Trumbo didn’t write SABOTEUR.
Even worse was that John Howard Lawson guy, who wrote films like “Success at Any Price” (1934), which were pretty blatantly anti-capitalist. That one was a real gagger, despite having a nice cast of old favorites.
On the other hand, at least there were a few distinctly anti-commie films like “Red Salute” with Barbara Stanwyck from 1935, and “Soak the Rich” (1936), which Ben Hecht and Charles MacArthur made (following up “The Scoundrel” at Paramount). I still have a VHS copy of “Red Salute” around here somewhere, recorded from back in the early-to-mid-1980s, when the relatively new “USA Network” actually aired some old movies. Haven’t seen “Soak the Rich” in decades, but it was an interesting oddity.

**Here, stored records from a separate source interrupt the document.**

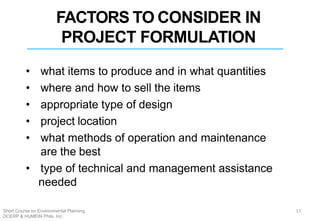 FACTORS TO CONSIDER IN
PROJECT FORMULATION
• what items to produce and in what quantities
• where and how to sell the items
• appropriate type of design
• project location
• what methods of operation and maintenance
are the best
• type of technical and management assistance
needed
17Short Course on Environmental Planning
DCERP & HUMEIN Phils. Inc.
 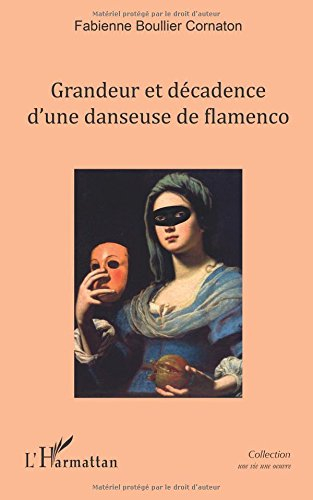 Grandeur et décadence d'une danseuse de flamenco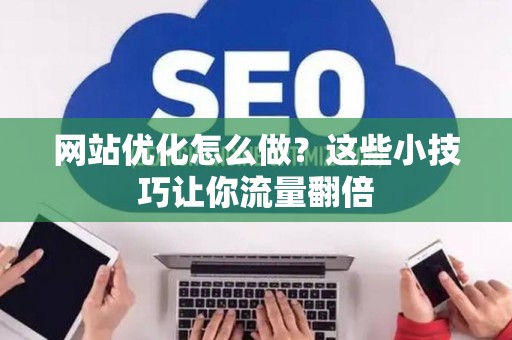 网站优化怎么做？这些小技巧让你流量翻倍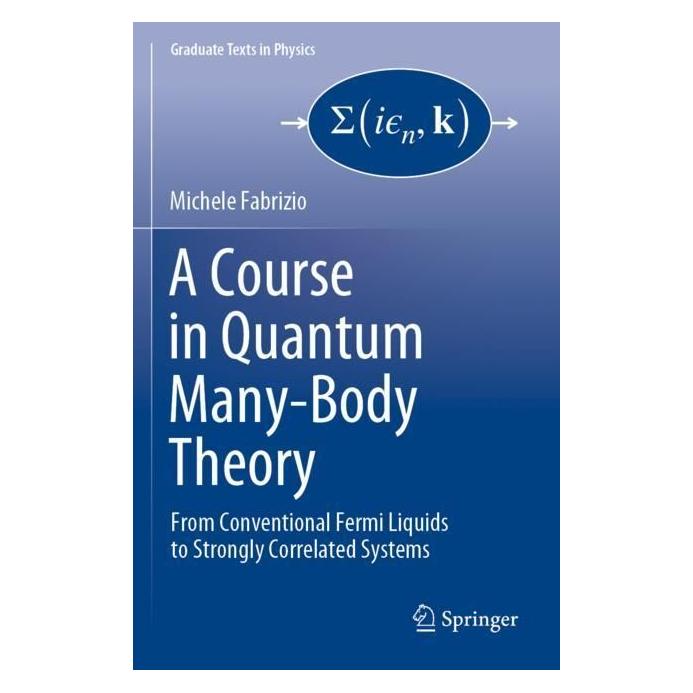 Springer A Course in Quantum Many-Body Theory (Englisch, Softcover, Michele Fabrizio) (56976645)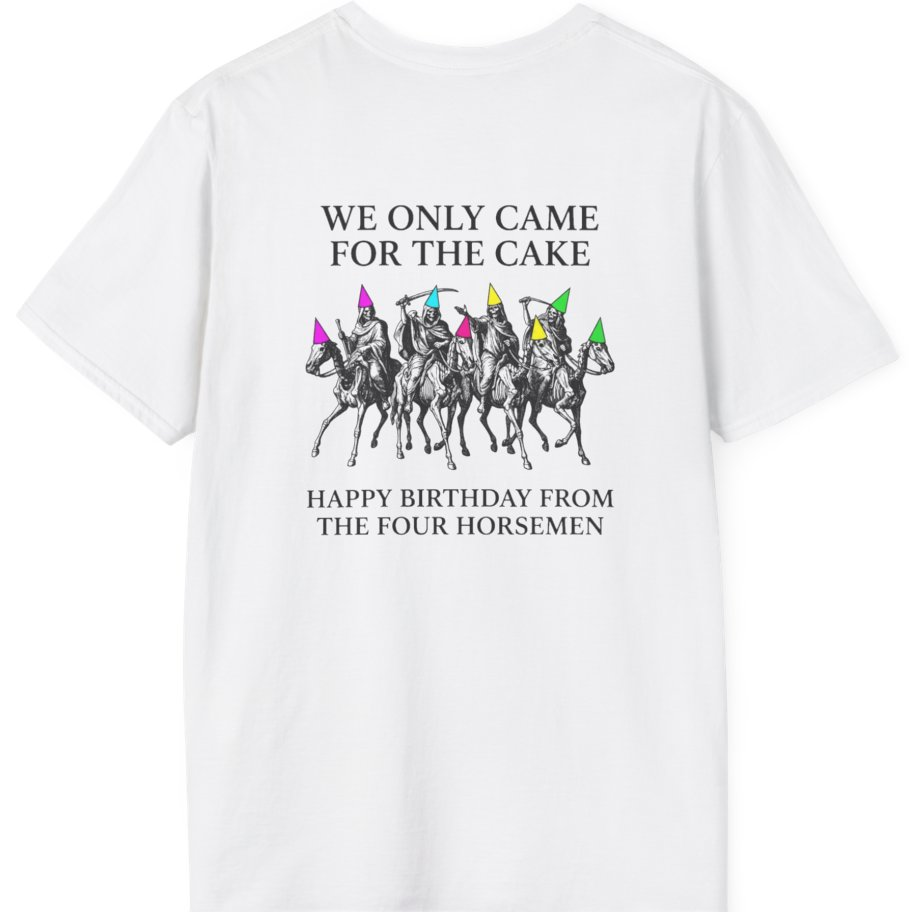 Four Horsemen Birthday Party Back Print T-Shirt - White back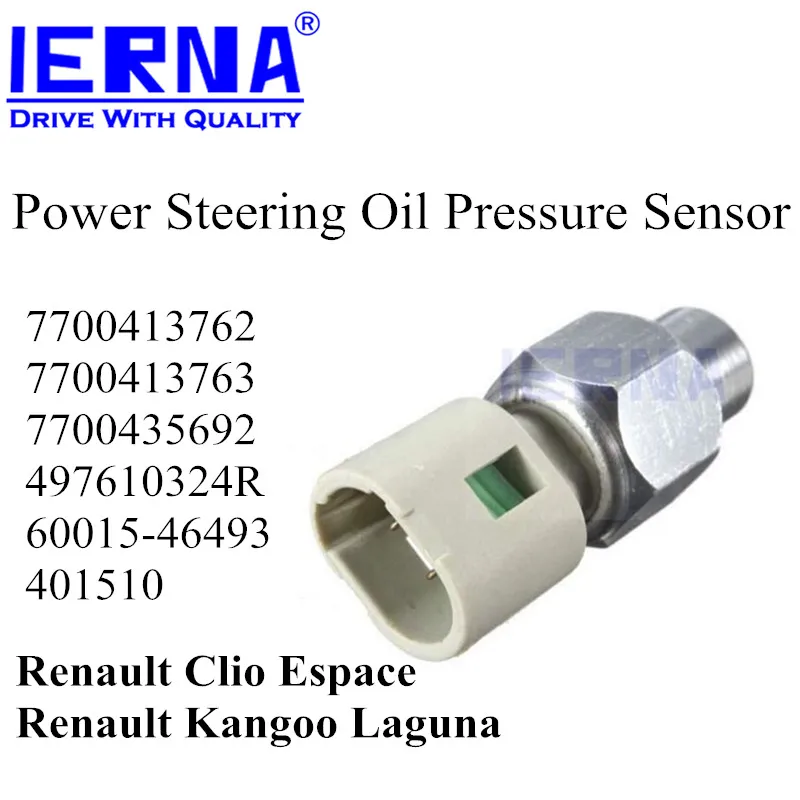 

7700435692 IERNA Power Steering Pressure Sensor Switch Oil Pressure Sensor for Renault Clio Megane Laguna 497610324R 7700413762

Bryan Cranston of “Breaking Bad” played Trumbo in a 2015 biographical movie. I have no desire to see it, but I’m sure it made him out to be a martyr and a hero.
I could never understand how any of these people could support Stalin especially when it came out about all the people he killed during the Purge in the 1930’s.
Also lest we forget that New York Times reporter in Russia back in the 1930’s who saw it all up close and kept writing glowing reports of the marvels of Communism. That would be Walter Duranty who now even the Times won't claim.